**Work task**
Using the data below, set down every line from the one containing "Damen - Business-Weste - Relaxed Fit - weiß" through the one containing "Cute Kawaii Strawberry", inclusive and unchanged. Pictures are to be skipped.

== Dataset content ==

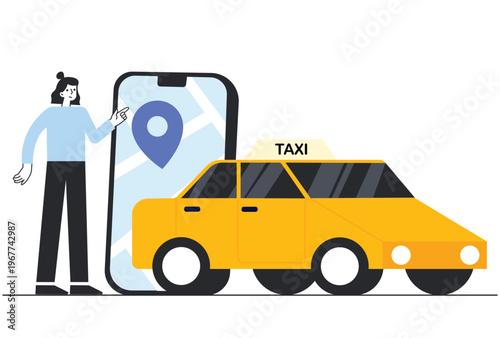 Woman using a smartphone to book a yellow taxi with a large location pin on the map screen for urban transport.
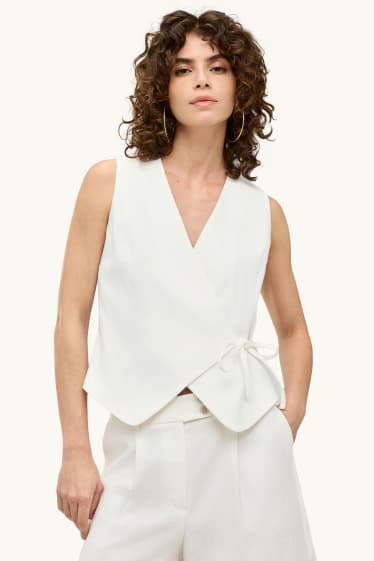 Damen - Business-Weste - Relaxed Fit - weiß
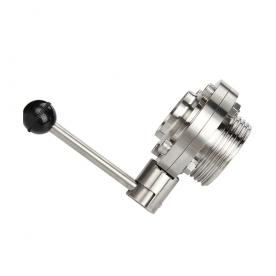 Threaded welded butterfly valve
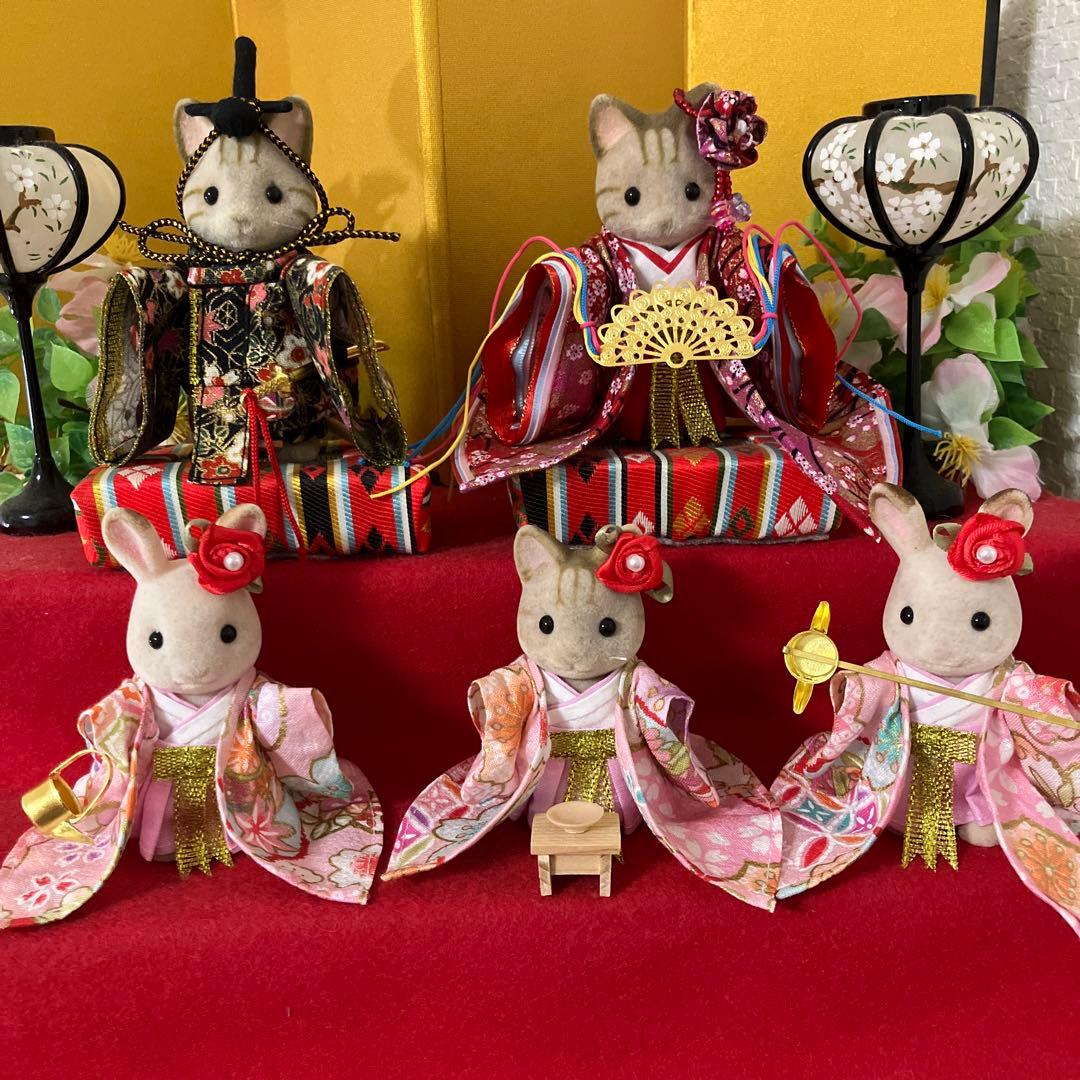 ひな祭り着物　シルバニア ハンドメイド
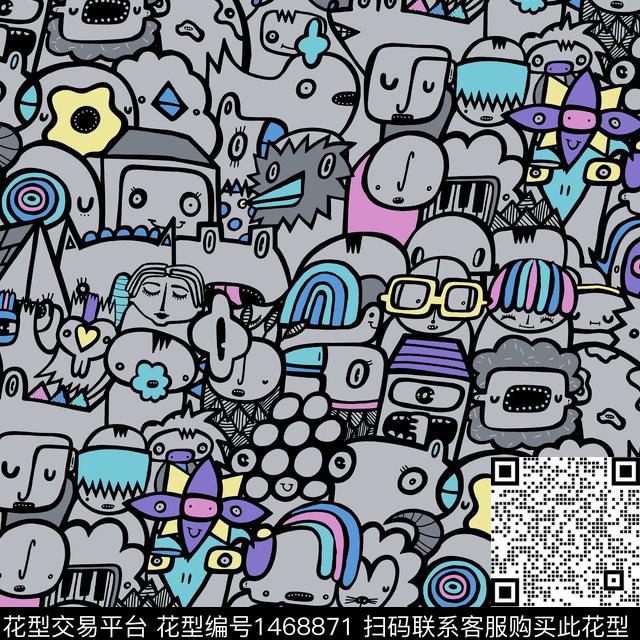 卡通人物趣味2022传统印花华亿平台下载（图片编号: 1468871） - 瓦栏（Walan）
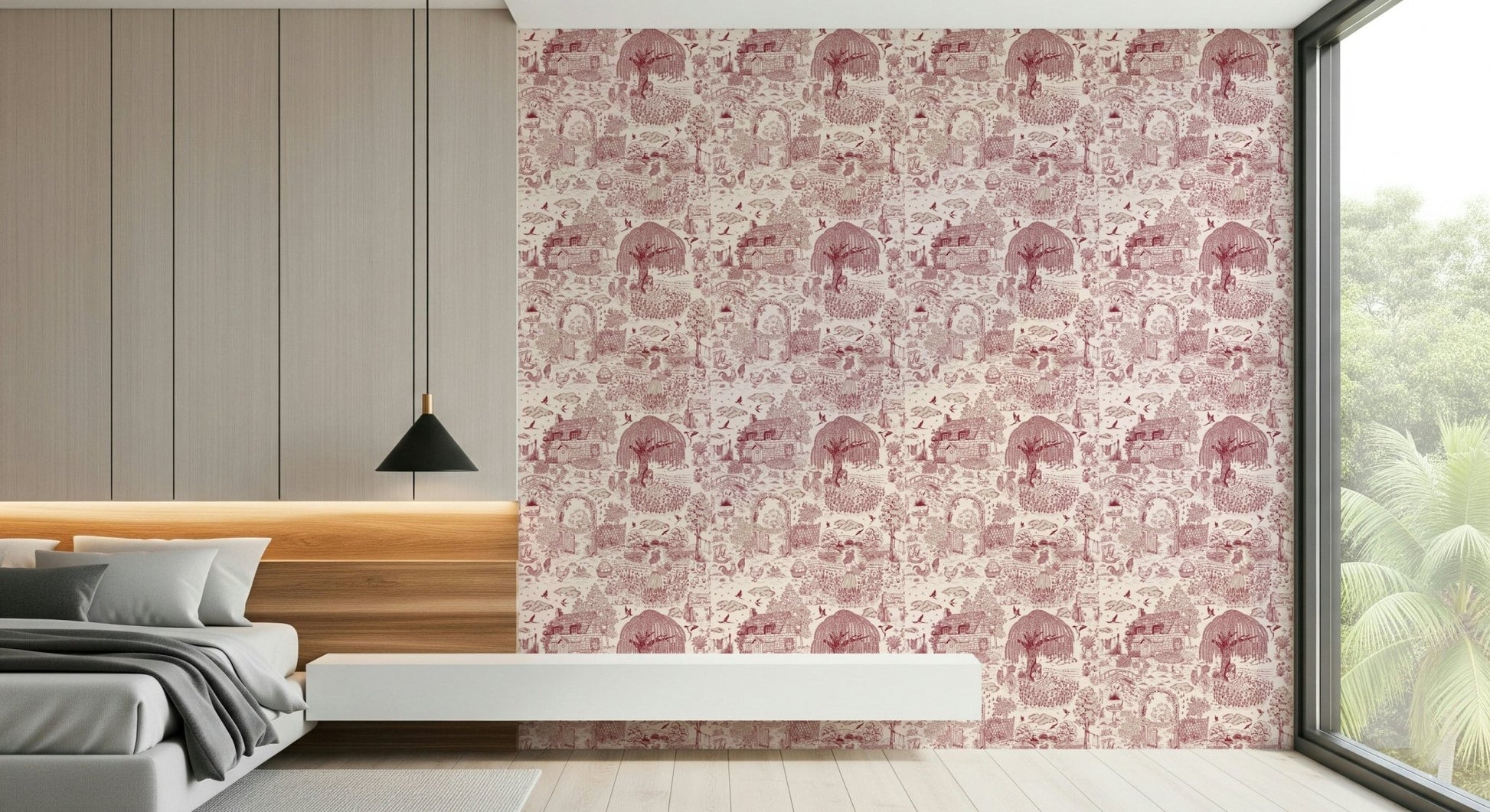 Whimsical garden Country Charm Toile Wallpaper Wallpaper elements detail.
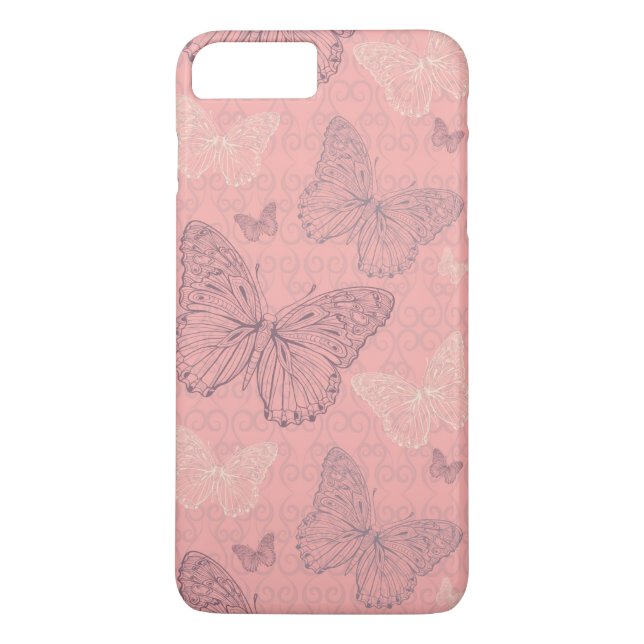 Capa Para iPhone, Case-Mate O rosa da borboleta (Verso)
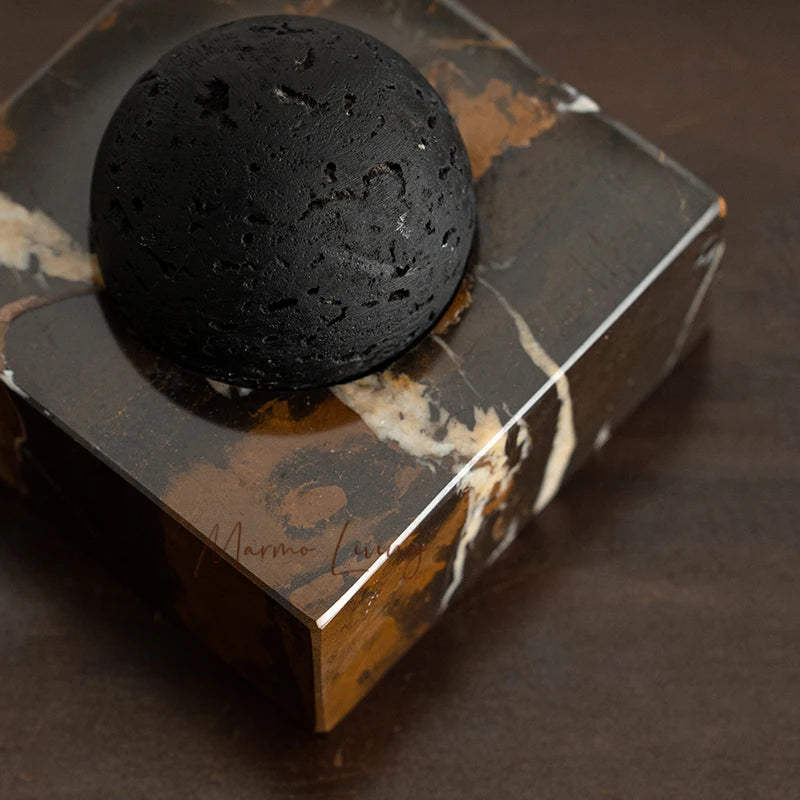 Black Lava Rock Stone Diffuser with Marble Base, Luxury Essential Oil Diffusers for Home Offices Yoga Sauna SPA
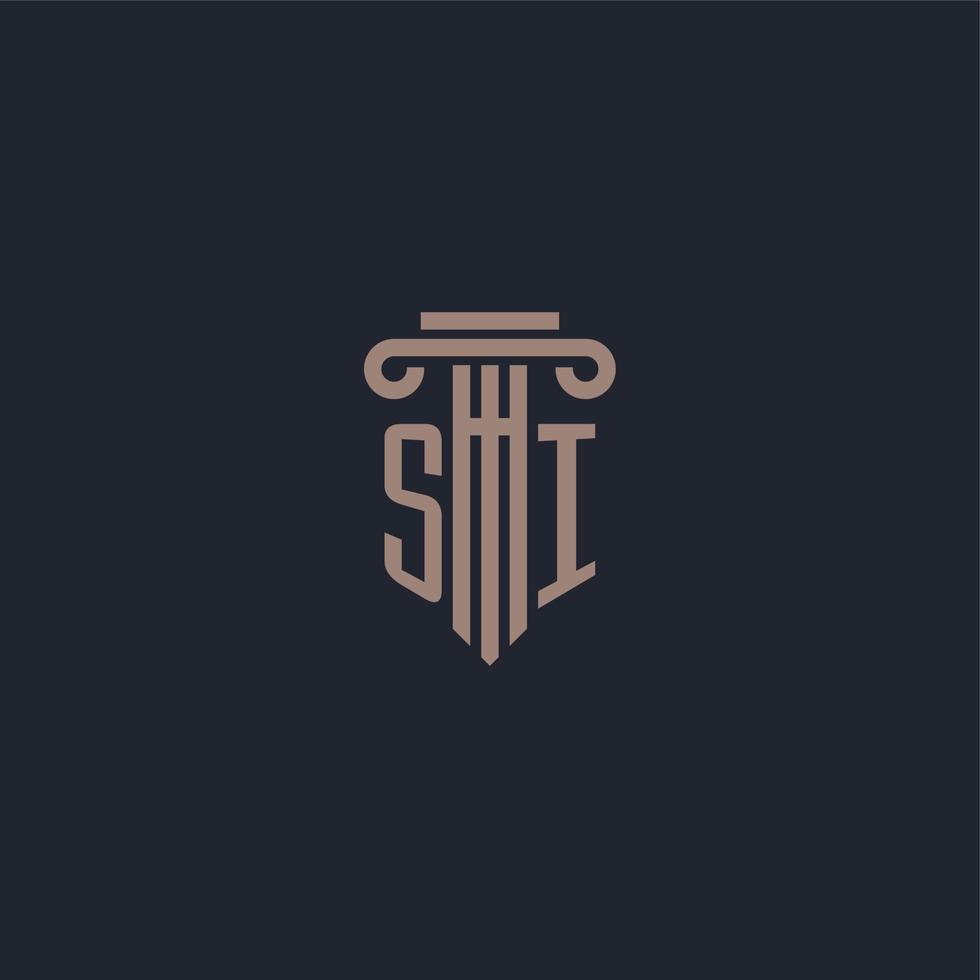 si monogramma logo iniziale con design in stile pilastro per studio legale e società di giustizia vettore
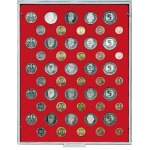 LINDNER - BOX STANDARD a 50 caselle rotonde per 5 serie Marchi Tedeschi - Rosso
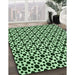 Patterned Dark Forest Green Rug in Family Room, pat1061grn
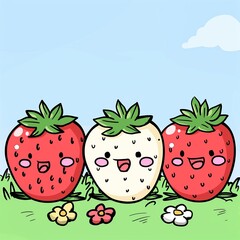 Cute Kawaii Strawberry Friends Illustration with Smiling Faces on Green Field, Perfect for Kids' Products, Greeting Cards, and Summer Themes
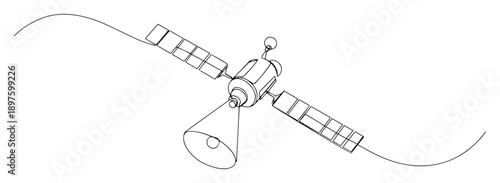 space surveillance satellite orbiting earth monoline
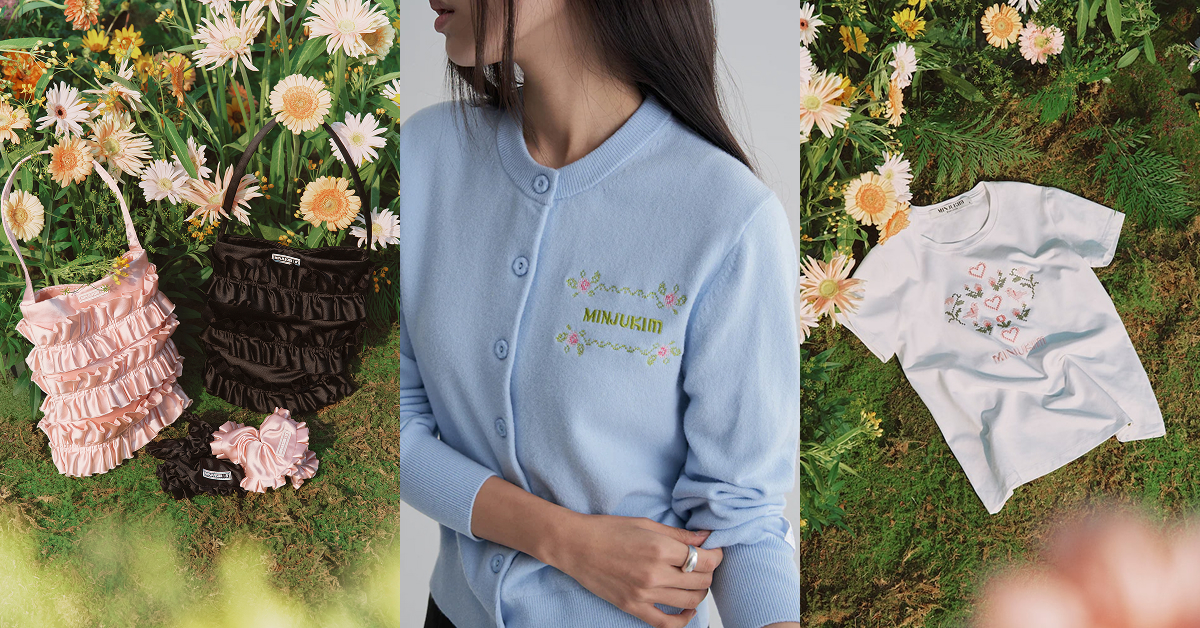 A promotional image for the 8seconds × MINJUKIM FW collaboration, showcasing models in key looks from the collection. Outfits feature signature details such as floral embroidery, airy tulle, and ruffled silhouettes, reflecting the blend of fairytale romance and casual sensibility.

===

**Written response**
 Damen - Business-Weste - Relaxed Fit - weiß
 Threaded welded butterfly valve
 ひな祭り着物　シルバニア ハンドメイド
 卡通人物趣味2022传统印花华亿平台下载（图片编号: 1468871） - 瓦栏（Walan）
 Whimsical garden Country Charm Toile Wallpaper Wallpaper elements detail.
 Capa Para iPhone, Case-Mate O rosa da borboleta (Verso)
 Black Lava Rock Stone Diffuser with Marble Base, Luxury Essential Oil Diffusers for Home Offices Yoga Sauna SPA
 si monogramma logo iniziale con design in stile pilastro per studio legale e società di giustizia vettore
 LINDNER - BOX STANDARD a 50 caselle rotonde per 5 serie Marchi Tedeschi - Rosso
 Patterned Dark Forest Green Rug in Family Room, pat1061grn
 Cute Kawaii Strawberry Friends Illustration with Smiling Faces on Green Field, Perfect for Kids' Products, Greeting Cards, and Summer Themes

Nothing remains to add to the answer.